DC Comics, Grant Morrison parla del gran finale di Wonder Woman: Terra Uno
Grant Morrison giunge al termine del suo percorso riguardo Wonder Woman e parla del finale della saga raccontata assieme a Yanick Paquette
Alpinista, insegnante di Lettere, appassionato di quasi ogni forma di narrazione. Legge e mangia di tutto. Bravissimo a fare il risotto. Fa il pesto col mortaio, ora.

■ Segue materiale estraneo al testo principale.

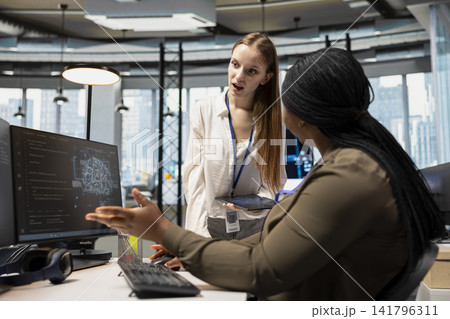 Manager guiding junior dev on how to do tasks with machine learning during AI project development. Team leader mentoring young woman on neural network implementation during internship Manager guiding junior dev on how to do tasks with machine learning during AI project development. Team leader mentoring young woman on neural network implementation during internship 141796311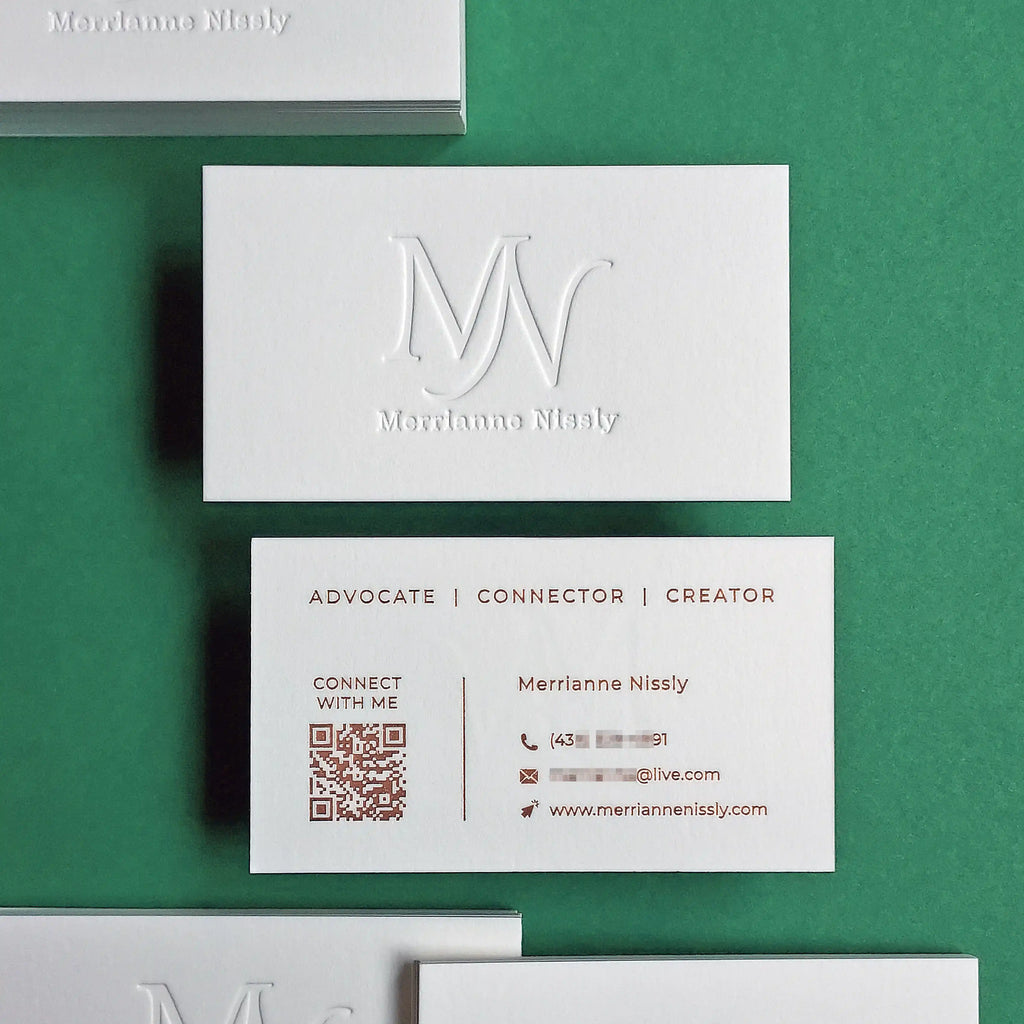 Debossed cotton business cards 45pt 750gsm with deboss and copper foil by OddPlanPrint.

Morrison - Quando ho iniziato a lavorare a questi tre volumi, ho fatto un sacco di ricerche e ho letto parecchio delle storie originali di William Moulton Marston. Ce n'è una in particolare, credo su Wonder Woman #7, del 1940 o 1941, che si svolge centro anni nel futuro. Credo che si intitoli Wonder Woman for President. Presenta la società utopica di Harmonia, in cui però c'è un elemento discordante, il Manly Party... o forse si chiamava partito Purple Shirts. Volevo arrivare a questo, con Earth One, vedere il momento in cui la Repubblica di Harmonia è diventata possibile. Tutta la trama conduce a questo. Quindi il mio lavoro è parecchio ispirato a Marston e alle idee che ho trovato nelle sue storie.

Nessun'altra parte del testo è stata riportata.